### [THE TASK]
Provide again, from the entries below, every line from the one containing "کافه پاتوق (حاجی آباد)، تصویر ۴" through the one containing "ROAM Cloud Slides- Size", exactly as written, and no other line.

(Stored items)

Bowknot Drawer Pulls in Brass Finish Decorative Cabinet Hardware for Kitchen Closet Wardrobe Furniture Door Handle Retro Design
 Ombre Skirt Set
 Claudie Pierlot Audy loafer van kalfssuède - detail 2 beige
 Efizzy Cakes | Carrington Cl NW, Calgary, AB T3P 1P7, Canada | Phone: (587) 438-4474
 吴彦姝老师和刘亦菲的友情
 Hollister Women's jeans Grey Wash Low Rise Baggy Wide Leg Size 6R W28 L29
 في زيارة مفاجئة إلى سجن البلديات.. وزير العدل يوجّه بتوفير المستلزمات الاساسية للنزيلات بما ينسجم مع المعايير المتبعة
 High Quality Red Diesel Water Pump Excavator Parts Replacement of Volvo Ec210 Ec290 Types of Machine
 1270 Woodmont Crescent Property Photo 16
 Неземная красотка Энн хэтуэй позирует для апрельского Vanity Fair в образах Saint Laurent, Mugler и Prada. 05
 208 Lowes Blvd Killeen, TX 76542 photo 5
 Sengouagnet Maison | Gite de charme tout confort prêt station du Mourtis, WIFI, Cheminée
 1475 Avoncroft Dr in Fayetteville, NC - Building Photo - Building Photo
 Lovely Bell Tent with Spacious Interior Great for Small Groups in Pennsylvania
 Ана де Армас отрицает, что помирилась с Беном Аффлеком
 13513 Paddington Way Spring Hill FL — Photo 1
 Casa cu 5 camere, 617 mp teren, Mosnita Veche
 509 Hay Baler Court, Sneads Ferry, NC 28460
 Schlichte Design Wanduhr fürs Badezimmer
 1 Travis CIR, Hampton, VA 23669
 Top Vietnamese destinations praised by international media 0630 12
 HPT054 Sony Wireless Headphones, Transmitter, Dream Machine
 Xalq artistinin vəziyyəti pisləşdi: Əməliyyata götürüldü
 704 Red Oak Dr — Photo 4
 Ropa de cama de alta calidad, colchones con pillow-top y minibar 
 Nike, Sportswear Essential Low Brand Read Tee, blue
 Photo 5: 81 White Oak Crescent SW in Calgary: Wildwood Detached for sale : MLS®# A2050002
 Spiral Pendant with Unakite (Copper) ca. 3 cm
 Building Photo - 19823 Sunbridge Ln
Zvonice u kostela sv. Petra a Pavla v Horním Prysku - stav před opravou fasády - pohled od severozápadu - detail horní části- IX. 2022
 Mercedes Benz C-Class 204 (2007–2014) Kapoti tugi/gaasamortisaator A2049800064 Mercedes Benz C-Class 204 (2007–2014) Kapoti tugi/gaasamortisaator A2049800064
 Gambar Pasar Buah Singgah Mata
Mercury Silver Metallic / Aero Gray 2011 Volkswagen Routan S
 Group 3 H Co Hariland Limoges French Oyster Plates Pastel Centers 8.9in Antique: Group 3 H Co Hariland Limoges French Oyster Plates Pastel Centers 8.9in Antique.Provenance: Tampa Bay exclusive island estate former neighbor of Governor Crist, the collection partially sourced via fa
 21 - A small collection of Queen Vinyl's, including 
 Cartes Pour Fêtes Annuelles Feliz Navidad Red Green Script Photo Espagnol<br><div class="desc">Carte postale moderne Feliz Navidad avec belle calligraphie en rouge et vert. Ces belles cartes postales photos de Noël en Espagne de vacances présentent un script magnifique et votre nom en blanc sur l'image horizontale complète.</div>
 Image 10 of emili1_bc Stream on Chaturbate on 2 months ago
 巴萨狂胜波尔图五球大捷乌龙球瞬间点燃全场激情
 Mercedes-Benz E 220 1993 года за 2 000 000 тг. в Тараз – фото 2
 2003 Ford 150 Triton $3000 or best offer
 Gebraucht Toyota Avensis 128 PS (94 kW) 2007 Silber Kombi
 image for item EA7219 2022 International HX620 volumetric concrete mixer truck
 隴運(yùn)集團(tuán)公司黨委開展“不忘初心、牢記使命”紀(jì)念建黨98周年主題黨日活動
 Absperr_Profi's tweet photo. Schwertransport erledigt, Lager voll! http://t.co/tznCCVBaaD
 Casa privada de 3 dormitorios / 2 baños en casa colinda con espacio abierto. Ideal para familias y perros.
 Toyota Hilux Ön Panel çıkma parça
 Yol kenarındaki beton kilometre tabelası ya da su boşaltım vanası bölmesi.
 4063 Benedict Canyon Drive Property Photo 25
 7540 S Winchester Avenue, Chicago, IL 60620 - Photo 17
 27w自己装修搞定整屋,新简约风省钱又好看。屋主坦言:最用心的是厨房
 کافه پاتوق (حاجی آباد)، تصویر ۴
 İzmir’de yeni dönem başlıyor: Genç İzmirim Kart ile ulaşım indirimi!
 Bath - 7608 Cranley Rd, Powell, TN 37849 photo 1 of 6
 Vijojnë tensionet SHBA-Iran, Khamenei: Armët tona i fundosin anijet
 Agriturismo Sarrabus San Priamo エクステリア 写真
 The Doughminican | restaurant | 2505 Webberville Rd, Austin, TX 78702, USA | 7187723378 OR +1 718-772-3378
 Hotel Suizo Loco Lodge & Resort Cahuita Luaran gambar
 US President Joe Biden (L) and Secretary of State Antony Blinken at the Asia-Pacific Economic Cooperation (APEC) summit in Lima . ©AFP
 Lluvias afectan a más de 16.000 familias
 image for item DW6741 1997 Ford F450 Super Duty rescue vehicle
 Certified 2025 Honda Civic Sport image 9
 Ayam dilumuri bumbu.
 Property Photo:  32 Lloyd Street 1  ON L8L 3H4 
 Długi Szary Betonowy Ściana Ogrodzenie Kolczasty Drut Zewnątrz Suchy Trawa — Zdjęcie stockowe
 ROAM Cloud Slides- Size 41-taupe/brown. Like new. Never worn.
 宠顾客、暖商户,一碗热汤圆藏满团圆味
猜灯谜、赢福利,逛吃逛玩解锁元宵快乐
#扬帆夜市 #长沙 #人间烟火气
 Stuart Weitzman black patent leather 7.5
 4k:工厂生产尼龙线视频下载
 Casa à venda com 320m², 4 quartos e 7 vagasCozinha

### [RESPONSE AREA]
 کافه پاتوق (حاجی آباد)، تصویر ۴
 İzmir’de yeni dönem başlıyor: Genç İzmirim Kart ile ulaşım indirimi!
 Bath - 7608 Cranley Rd, Powell, TN 37849 photo 1 of 6
 Vijojnë tensionet SHBA-Iran, Khamenei: Armët tona i fundosin anijet
 Agriturismo Sarrabus San Priamo エクステリア 写真
 The Doughminican | restaurant | 2505 Webberville Rd, Austin, TX 78702, USA | 7187723378 OR +1 718-772-3378
 Hotel Suizo Loco Lodge & Resort Cahuita Luaran gambar
 US President Joe Biden (L) and Secretary of State Antony Blinken at the Asia-Pacific Economic Cooperation (APEC) summit in Lima . ©AFP
 Lluvias afectan a más de 16.000 familias
 image for item DW6741 1997 Ford F450 Super Duty rescue vehicle
 Certified 2025 Honda Civic Sport image 9
 Ayam dilumuri bumbu.
 Property Photo:  32 Lloyd Street 1  ON L8L 3H4 
 Długi Szary Betonowy Ściana Ogrodzenie Kolczasty Drut Zewnątrz Suchy Trawa — Zdjęcie stockowe
 ROAM Cloud Slides- Size 41-taupe/brown. Like new. Never worn.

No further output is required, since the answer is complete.